For dynamic libraries, the compiled code is 'left' in the library. At runtime, the OS then checks for the dependency library in known locations. If it isn't found, the programme will not execute! This allows us to save disk-space, as the library needs to be installed only once and each programme can link to it, and the resulting programme binaries are smaller.

Aside: We can run in to isues if our code is compiled with different 'versions' of te standard library (namely a different major or minor compiler version). This is a concern to be aware of when relying on dynamic library. This is especially irritating on windows if we are in debug or release mode.

We can use command-line programmes like otool (OSX), ldd (Linux) or the programme Dependency Walker (Windows) to explore what dependencies our binaries have.

We also note that there is a separate method called Dynamic Loading, which is normally used for plugins.
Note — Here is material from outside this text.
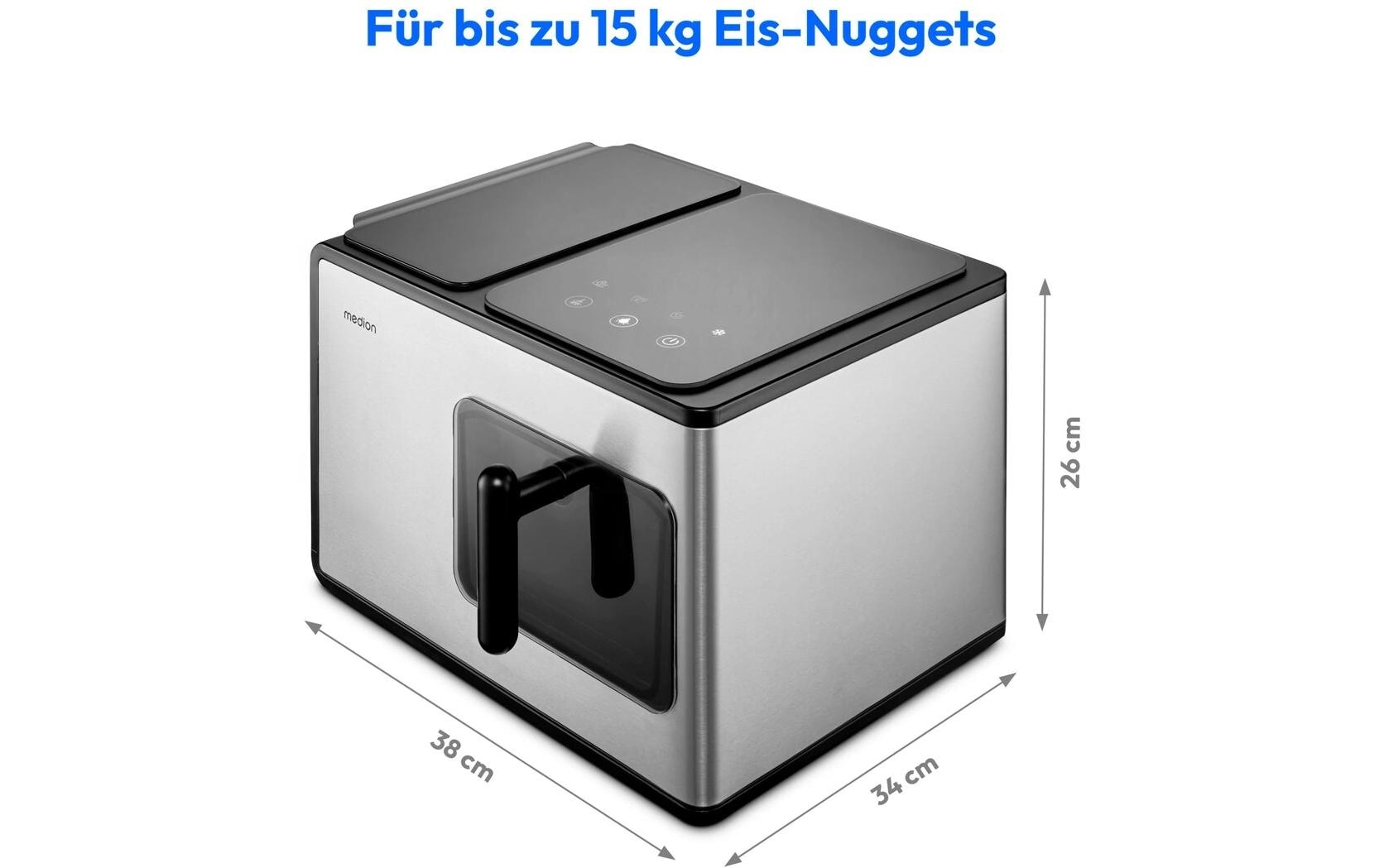 MEDION Eiswürfelmaschine MD 11960 – 15 kg/24 h, 2 l – schwarz/edelstahl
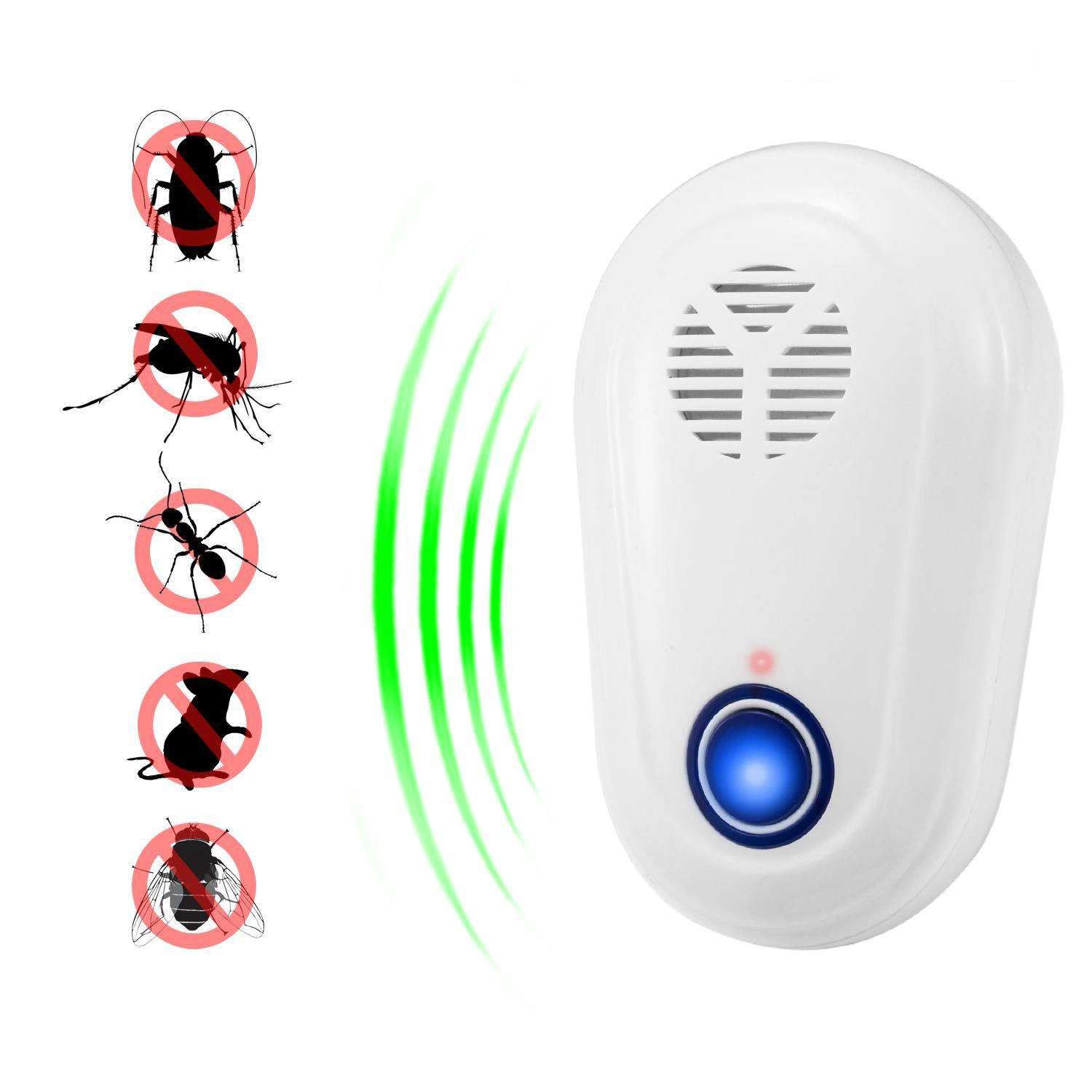 Repelente electrónico de plagas ultrasónicas para ratón, mosquito, pulga y cucaracha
In this case, the command dlopen can dynamically discover function names and variables found in a file.

There is also a license consideration: statically linking classifies your work as a 'derivative work', and so if using the LGPL you should use dynamic linking.

### Finding Libraries

Package managers, which handle dependencies and 'recomennded' versions, make installation of software or libraries significantly easier. This works fine UNTIL you run in to a need to up/downgrade to a different version. Some additional considerations are discussed in the notes, where we focus on 'standard build' and 'superbuild' methods. The former sets up the project to know the locations of dependencies, the latter fetches and builds everything itself.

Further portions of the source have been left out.